Avildsen attempts to present this as a galvanizing story of a hero. However, despite the time frame in which it’s set, there’s nary a mention of the socio-economic history of that era. Burke is presented as poor but the Great Depression is never mentioned, nor World War II. The only historical reference is to civil rights, to add more righteousness to Burke by presenting her as a trailblazer who opened her league to African American women. This could all be well and true, but the earnest way the issue is presented, by having a character literally say that she’s “breaking walls,” makes it all seem rather forced.
That earnestness, which mars the whole script, also manifests in Rickards’ lead performance. She gives Burke the requisite bright-eyed enthusiasm that makes her believable as a resolute athlete. However, she never varies the performance, even as Burke grows up and faces many emotional setbacks. Rickards maintains the same eagerness in her face whether Burke is fighting in the ring, determined to recover from Wolfe’s abuse, or facing the romantic dilemma of falling in love with her son-in-law.
Most of the rest of the cast coasts through well enough, but do not give any distinctive performances. On the other hand, Woll, as the tragic wrestler Gladys Killem, manages to chart a believable character arc from passionate innocence to resigned surrender.
In the many wrestling matches, Avildsen keeps cutting from the ring to the audience. There’s little girls looking up to Burke, spectators showing their passion for one wrestler or hostility to another. However, all the extras seem to have the same beaming look on their faces, as if they’ve been given the same note of how to stare down the lens, undercutting any tension from the fights.
Additionally, Andrew Strahorn’s overlit cinematography makes all the venues look the same, whether dingy or glamorous. Some scenes end oddly, with a lingering shot that leads to a slow fade out to black. That might be signifying that the audience needs to pay attention to what happened, or that what has transpired marks a turning point. Whatever it is, it’s a distracting gimmick.

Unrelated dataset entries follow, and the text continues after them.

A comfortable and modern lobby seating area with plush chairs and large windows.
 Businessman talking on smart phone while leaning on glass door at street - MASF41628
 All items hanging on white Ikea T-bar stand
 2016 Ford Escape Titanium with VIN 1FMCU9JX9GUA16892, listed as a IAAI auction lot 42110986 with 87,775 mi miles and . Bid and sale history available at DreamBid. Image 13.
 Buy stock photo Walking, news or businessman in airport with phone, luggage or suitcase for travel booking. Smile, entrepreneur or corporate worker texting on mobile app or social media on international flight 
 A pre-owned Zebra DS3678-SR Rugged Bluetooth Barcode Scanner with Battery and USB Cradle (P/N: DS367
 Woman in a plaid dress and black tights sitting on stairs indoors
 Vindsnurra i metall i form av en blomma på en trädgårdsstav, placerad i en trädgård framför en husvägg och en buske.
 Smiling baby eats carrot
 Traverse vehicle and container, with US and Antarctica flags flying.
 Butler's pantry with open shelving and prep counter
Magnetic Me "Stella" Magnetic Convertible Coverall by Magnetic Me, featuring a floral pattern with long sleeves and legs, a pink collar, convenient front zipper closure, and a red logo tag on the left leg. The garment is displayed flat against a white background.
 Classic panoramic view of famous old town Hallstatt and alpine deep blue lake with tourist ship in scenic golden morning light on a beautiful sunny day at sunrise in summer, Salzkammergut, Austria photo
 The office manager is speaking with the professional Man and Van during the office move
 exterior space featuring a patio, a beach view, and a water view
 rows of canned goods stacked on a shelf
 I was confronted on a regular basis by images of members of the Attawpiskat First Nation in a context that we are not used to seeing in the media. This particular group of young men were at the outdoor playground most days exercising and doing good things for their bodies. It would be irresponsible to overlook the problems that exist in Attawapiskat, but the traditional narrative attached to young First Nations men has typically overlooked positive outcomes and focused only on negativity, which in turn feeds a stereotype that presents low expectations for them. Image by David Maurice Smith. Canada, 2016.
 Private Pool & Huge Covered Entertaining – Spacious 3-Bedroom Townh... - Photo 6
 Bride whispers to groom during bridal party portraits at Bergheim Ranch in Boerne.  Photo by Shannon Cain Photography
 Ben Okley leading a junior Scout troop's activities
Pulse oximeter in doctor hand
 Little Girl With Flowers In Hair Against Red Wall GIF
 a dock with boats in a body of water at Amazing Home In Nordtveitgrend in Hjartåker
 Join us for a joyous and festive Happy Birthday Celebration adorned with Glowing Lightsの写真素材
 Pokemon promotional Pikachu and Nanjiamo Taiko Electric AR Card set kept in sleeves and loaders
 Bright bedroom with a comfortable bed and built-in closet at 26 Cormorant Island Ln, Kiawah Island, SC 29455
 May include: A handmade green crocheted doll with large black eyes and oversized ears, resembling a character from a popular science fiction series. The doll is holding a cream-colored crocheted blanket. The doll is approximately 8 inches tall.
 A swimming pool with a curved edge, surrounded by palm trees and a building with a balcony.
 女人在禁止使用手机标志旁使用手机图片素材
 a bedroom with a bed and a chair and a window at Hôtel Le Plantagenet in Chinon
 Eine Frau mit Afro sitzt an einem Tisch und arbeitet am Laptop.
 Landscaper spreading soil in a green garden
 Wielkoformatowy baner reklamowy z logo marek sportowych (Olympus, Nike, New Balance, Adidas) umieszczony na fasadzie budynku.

Avildsen fares better with another technique: using the wrestling match announcer as narrator to inform the audience of what’s happening during and after a match. That seems natural to the story and pushes the narrative forward in an organic way. There’s a jarring note in the epilogue intertitles, which state that Wolfe, who has been presented thus far as an abuser, as a pioneer in female wrestling. It’s a muddled storytelling note, as if the filmmakers did not want to offend anyone. This is the same notion that makes this more of a hagiographic portrait than a truly thoughtful biographical film.
At a running time of more than two hours, “Queen of the Ring” becomes a self-serious, solemn slog. The filmmakers think Burke’s life is worth documenting, however this all-excellence, no-foibles look at her life does not render her a believable person. Despite being a sports melodrama, the filmmaking fails to distinguish either components, stylistically or narratively. “Queen of the Ring” is more of a montage of the highlights of Burke’s illustrious life, rather than an entertaining film.